英国剑桥大学21日发表新闻公报说,该校研究人员确认一种名为“Nanog”的蛋白质是干细胞具有发育成各种类型细胞能力的“总开关”。无论是在胚胎干细胞还是诱导多能干细胞中,它都起着关键作用。
人类胚胎细胞具有神奇的全能性,可以随着胚胎成长而发育成人体不同器官的细胞,如骨骼、皮肤、内脏、神经等各种细胞。近年来,科学家又发现可通过基因改造使普通皮肤细胞等具有与胚胎干细胞类似的全能性,称为诱导多能干细胞。但是,科学界一直不清楚这两种细胞具有全能性的深层机理。
剑桥大学的新闻公报说,该校研究人员发现“Nanog”蛋白质在细胞获得全能性的一系列复杂过程中发挥着非常关键的作用。如果没有它,胚胎干细胞将不会发育,而诱导产生多功能干细胞的过程也会失败。
研究人员解释说,“Nanog”并不是单独起作用,它更像一个“乐队指挥”,协调着一系列基因和蛋白质,让它们在各自正确的位置上发挥作用,最终为细胞带来神奇的全能性。研究人员将进一步研究这种蛋白质是如何“发号施令”的。
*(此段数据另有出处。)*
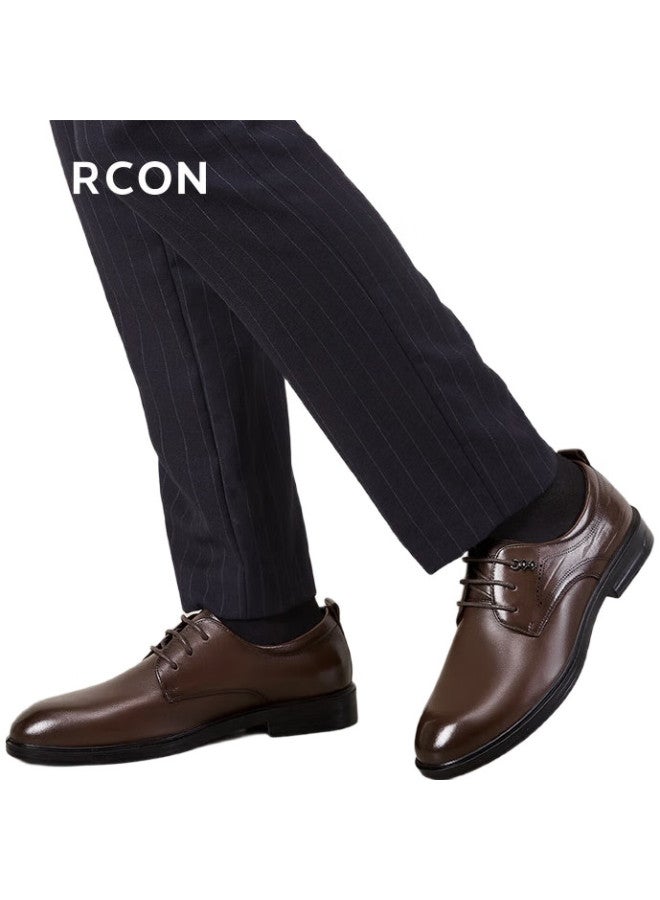 YEARCON أحذية رجال، أحذية رسمية للأعمال ذات مقدمة دائرية، أحذية جلدية عصرية مزودة بأربطة، أحذية زفاف ديربي، 53449W، بني، مقاس 43 - Image 3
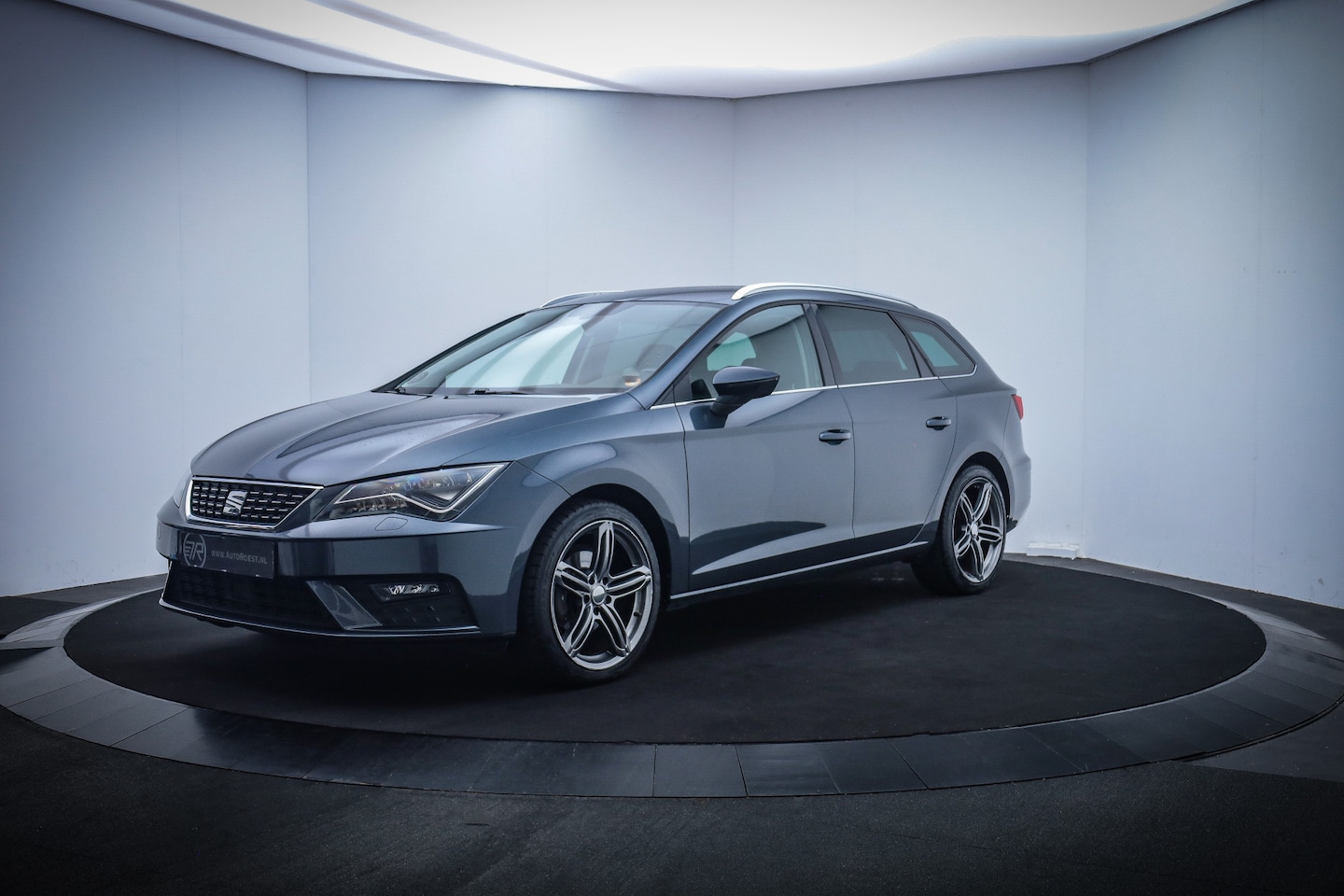 Seat Leon ST - 1.5TSI Dsg XCELLENCE INTENS MATRIX LED/VIRTUAL/ACC/JBL AUDIO/CAMERA/CARPLAY/NAVI/STOELVERW - AutoWereld.nl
相关研究报告发表在新一期美国《细胞》杂志上。(生物谷Bioon.com)
生物谷推荐原始出处:
Cell, Volume 138, Issue 4, 722-737, 21 August 2009 doi:10.1016/j.cell.2009.07.039
Nanog Is the Gateway to the Pluripotent Ground State
Jose Silva1,2,6,,,Jennifer Nichols1,3,6,Thorold W. Theunissen1,2,Ge Guo1,2,Anouk L. van Oosten1,2,Ornella Barrandon1,2,Jason Wray1,2,Shinya Yamanaka4,Ian Chambers5andAustin Smith1,2,,
1 Wellcome Trust Centre for Stem Cell Research, University of Cambridge, Tennis Court Road, Cambridge CB2 1QR, UK
2 Department of Biochemistry, University of Cambridge, Tennis Court Road, Cambridge CB2 1QR, UK
3 Department of Physiology, Development, and Neuroscience, University of Cambridge, Tennis Court Road, Cambridge CB2 1QR, UK
4 Department of Stem Cell Biology, Institute for Frontier Medical Sciences, Kyoto University, Kyoto 606-8507, Japan
5 MRC Centre for Regenerative Medicine, Institute for Stem Cell Research, School of Biological Sciences, University of Edinburgh, King's Buildings, Edinburgh EH9 3JQ, UK
Pluripotency is generated naturally during mammalian development through formation of the epiblast, founder tissue of the embryo proper. Pluripotency can be recreated by somatic cell reprogramming. Here we present evidence that the homeodomain protein Nanog mediates acquisition of both embryonic and induced pluripotency. Production of pluripotent hybrids by cell fusion is promoted by and dependent on Nanog. In transcription factor-induced molecular reprogramming, Nanog is initially dispensable but becomes essential for dedifferentiated intermediates to transit to ground state pluripotency. In the embryo, Nanog specifically demarcates the nascent epiblast, coincident with the domain of X chromosome reprogramming. Without Nanog, pluripotency does not develop, and the inner cell mass is trapped in a pre-pluripotent, indeterminate state that is ultimately nonviable. These findings suggest that Nanog choreographs synthesis of the naive epiblast ground state in the embryo and that this function is recapitulated in the culmination of somatic cell reprogramming.